Once the book started, my mid-stream predictions fared better:

 

Quentyn Martell’s death: Quentyn screamed “doomed” (or, less charitably, “loser”) from page 1 – the word one reviewer used to describe him, “hapless”, says it all – and his attempt at dragon theft was one of the stupidest plans in the entire series, possibly even outdoing anything dreamed up by Ned Stark.

 

Davos’ survival: Manderly’s moustache-twirling pronouncement of death just seemed too convenient, too orchestrated for the benefit of the watching Freys, especially coming from a man who was rebuilding his army.

 

Barristan: This one I got wrong; I didn’t expect so honourable a man to survive the book. Well, there’s always the next one…

 

Daenerys: I expected her to end the book minus her army, minus her followers, but heading for Westeros.
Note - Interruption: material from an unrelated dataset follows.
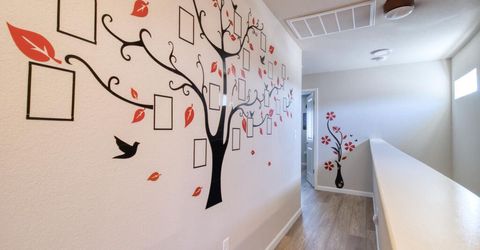 8957 Buffalo Grove Drive, Reno, NV 89506 Photo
The first part of that prediction came true in a way I didn’t imagine, but the book’s pacing ruled out the final part.

 

Characters I feel sorry for

 

This being a GRRM book, there is quite the body count (at first I was counting the beheadings – I gave up after three or four). There were a few I felt particularly sorry for, though…

 

Jon Connington, aka Griff: The poor man lives decades in exile, and by the time he does finally return home at the head of an army, he’s dying of a horrible illness.

 

Ser Kevan Lannister: Killed because he was doing too good a job of delivering peace, order and good government! Not a surprise that he met his end, but, as Varys acknowledged, he deserved better.

 

For the Europa Universalis players amongst you

 

Doesn’t Daenerys’ storyline seem like a badboy war in a Paradox game, exacerbated by choosing the wrong choice at every step along an event chain?